======== Records

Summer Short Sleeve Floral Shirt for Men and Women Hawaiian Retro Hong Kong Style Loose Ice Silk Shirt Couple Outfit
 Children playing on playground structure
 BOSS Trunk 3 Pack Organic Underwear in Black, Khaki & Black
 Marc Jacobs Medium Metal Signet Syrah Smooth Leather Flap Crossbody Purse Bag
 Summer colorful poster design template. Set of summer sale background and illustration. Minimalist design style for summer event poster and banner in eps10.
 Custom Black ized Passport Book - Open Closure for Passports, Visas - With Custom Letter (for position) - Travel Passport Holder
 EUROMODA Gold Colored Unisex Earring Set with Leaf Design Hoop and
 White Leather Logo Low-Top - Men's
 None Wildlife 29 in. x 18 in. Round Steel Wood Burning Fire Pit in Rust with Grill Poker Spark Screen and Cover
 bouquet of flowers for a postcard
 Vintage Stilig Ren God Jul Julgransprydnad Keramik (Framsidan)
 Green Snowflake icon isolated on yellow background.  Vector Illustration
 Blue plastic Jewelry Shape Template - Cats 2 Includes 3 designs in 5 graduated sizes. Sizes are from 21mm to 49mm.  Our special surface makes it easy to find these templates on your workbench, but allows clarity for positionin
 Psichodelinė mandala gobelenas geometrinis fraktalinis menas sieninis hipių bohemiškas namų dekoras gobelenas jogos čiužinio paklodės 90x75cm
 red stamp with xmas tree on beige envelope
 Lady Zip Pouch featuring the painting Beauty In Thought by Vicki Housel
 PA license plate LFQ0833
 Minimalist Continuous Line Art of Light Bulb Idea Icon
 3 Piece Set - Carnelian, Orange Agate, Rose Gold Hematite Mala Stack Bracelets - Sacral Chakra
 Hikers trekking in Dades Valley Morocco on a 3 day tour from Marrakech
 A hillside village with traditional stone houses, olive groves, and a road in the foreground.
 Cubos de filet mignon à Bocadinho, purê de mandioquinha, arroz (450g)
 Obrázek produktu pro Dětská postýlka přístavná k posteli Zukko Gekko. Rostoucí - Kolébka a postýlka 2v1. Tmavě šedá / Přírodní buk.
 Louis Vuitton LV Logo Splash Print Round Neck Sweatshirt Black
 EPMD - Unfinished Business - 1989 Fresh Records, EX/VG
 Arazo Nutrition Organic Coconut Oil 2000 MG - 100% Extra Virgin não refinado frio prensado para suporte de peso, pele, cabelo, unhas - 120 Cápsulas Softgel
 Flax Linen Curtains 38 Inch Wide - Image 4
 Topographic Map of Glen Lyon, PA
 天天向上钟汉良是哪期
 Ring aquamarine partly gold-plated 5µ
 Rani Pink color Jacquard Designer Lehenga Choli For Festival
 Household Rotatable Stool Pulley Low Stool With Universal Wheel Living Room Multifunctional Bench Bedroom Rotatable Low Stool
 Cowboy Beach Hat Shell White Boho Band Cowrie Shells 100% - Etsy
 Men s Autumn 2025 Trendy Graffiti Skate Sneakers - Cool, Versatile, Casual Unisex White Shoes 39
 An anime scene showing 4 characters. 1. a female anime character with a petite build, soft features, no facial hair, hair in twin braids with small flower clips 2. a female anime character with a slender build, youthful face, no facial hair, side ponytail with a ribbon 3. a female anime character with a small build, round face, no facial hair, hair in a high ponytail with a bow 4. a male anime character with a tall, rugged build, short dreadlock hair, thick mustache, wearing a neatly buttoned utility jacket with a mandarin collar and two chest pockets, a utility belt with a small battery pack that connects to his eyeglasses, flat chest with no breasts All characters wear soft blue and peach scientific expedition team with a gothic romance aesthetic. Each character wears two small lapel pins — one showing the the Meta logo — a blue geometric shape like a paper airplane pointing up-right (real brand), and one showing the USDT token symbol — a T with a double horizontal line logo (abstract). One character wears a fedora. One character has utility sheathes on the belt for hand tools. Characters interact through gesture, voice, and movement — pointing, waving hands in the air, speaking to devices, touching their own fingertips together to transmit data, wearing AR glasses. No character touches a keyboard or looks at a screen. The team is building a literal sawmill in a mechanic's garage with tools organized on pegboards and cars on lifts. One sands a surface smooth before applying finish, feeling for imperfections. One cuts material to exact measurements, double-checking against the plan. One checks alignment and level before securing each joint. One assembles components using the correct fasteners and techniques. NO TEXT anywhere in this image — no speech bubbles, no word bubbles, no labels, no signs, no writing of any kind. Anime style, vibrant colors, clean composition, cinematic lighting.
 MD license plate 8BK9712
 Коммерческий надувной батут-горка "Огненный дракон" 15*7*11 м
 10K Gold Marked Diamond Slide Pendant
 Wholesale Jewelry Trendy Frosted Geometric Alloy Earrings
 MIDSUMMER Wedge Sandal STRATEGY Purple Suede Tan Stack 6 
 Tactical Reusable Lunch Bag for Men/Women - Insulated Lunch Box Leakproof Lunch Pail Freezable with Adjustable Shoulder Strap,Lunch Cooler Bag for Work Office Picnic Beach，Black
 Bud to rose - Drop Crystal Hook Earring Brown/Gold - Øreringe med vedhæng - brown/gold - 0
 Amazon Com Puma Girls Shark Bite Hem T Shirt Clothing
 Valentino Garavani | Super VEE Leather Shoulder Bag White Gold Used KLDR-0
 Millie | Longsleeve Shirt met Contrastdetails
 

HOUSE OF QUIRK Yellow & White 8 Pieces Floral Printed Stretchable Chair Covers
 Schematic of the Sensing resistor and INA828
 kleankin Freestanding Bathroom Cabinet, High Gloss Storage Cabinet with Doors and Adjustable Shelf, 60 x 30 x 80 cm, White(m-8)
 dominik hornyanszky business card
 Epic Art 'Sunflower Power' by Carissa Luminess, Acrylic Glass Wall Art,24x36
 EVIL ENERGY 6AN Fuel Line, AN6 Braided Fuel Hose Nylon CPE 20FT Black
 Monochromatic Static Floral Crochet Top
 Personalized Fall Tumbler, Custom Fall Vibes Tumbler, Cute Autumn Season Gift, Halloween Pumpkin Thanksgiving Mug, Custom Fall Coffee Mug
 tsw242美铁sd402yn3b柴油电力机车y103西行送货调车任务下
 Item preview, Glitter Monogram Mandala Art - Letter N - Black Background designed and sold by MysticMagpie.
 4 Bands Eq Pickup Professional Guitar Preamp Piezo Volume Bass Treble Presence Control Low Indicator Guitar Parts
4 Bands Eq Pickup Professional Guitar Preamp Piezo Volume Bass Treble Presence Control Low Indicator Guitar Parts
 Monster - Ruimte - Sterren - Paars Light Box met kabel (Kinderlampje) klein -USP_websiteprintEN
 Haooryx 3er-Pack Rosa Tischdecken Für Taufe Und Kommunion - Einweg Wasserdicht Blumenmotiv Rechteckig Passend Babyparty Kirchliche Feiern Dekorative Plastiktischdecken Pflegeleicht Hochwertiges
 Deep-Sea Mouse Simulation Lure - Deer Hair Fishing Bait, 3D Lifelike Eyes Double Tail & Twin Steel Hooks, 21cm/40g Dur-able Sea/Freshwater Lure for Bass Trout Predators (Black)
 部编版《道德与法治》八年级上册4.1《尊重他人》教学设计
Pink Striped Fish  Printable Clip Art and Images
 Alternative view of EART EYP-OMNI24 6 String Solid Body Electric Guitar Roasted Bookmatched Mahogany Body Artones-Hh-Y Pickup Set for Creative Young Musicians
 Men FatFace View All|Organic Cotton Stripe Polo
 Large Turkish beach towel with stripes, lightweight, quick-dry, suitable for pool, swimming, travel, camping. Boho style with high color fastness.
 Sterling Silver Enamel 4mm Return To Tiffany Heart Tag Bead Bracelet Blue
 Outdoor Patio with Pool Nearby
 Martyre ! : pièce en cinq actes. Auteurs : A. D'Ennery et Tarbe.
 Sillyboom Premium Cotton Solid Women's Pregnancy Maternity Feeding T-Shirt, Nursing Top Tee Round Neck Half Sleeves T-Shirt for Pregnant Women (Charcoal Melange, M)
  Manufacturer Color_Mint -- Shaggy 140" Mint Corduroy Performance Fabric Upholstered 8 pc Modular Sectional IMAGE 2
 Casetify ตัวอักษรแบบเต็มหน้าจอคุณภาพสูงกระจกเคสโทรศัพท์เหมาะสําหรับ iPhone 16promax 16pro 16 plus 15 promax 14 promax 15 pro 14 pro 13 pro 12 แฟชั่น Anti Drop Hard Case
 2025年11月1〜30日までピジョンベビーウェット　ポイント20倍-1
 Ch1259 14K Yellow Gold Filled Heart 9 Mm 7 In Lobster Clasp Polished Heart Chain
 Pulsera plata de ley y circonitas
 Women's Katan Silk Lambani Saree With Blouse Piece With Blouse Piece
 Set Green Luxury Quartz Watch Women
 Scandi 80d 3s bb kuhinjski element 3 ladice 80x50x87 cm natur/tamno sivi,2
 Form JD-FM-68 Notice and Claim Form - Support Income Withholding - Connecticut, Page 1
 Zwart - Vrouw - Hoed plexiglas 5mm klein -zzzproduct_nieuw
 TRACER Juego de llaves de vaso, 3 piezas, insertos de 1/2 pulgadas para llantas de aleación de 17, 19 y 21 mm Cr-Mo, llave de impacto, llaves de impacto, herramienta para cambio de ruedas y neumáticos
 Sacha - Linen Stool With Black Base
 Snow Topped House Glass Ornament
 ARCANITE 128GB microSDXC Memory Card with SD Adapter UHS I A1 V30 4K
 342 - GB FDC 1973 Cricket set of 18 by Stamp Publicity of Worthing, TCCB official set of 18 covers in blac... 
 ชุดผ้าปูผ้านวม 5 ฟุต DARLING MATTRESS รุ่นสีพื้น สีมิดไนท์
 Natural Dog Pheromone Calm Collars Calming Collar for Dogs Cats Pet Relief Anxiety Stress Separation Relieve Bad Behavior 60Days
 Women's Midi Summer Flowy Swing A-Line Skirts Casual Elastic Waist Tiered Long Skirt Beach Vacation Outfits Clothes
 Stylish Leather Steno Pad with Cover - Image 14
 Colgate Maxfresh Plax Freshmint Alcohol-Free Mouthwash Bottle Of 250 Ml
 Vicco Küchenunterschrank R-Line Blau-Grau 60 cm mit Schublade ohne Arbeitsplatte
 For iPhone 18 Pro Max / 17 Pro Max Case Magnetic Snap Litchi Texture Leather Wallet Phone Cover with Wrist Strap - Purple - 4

================

Given the records above, reproduce precisely and only the lines between the line holding "HOUSE OF QUIRK" and the line holding "Deep-Sea Mouse Simulation", inclusive.

HOUSE OF QUIRK Yellow & White 8 Pieces Floral Printed Stretchable Chair Covers
 Schematic of the Sensing resistor and INA828
 kleankin Freestanding Bathroom Cabinet, High Gloss Storage Cabinet with Doors and Adjustable Shelf, 60 x 30 x 80 cm, White(m-8)
 dominik hornyanszky business card
 Epic Art 'Sunflower Power' by Carissa Luminess, Acrylic Glass Wall Art,24x36
 EVIL ENERGY 6AN Fuel Line, AN6 Braided Fuel Hose Nylon CPE 20FT Black
 Monochromatic Static Floral Crochet Top
 Personalized Fall Tumbler, Custom Fall Vibes Tumbler, Cute Autumn Season Gift, Halloween Pumpkin Thanksgiving Mug, Custom Fall Coffee Mug
 tsw242美铁sd402yn3b柴油电力机车y103西行送货调车任务下
 Item preview, Glitter Monogram Mandala Art - Letter N - Black Background designed and sold by MysticMagpie.
 4 Bands Eq Pickup Professional Guitar Preamp Piezo Volume Bass Treble Presence Control Low Indicator Guitar Parts
4 Bands Eq Pickup Professional Guitar Preamp Piezo Volume Bass Treble Presence Control Low Indicator Guitar Parts
 Monster - Ruimte - Sterren - Paars Light Box met kabel (Kinderlampje) klein -USP_websiteprintEN
 Haooryx 3er-Pack Rosa Tischdecken Für Taufe Und Kommunion - Einweg Wasserdicht Blumenmotiv Rechteckig Passend Babyparty Kirchliche Feiern Dekorative Plastiktischdecken Pflegeleicht Hochwertiges
 Deep-Sea Mouse Simulation Lure - Deer Hair Fishing Bait, 3D Lifelike Eyes Double Tail & Twin Steel Hooks, 21cm/40g Dur-able Sea/Freshwater Lure for Bass Trout Predators (Black)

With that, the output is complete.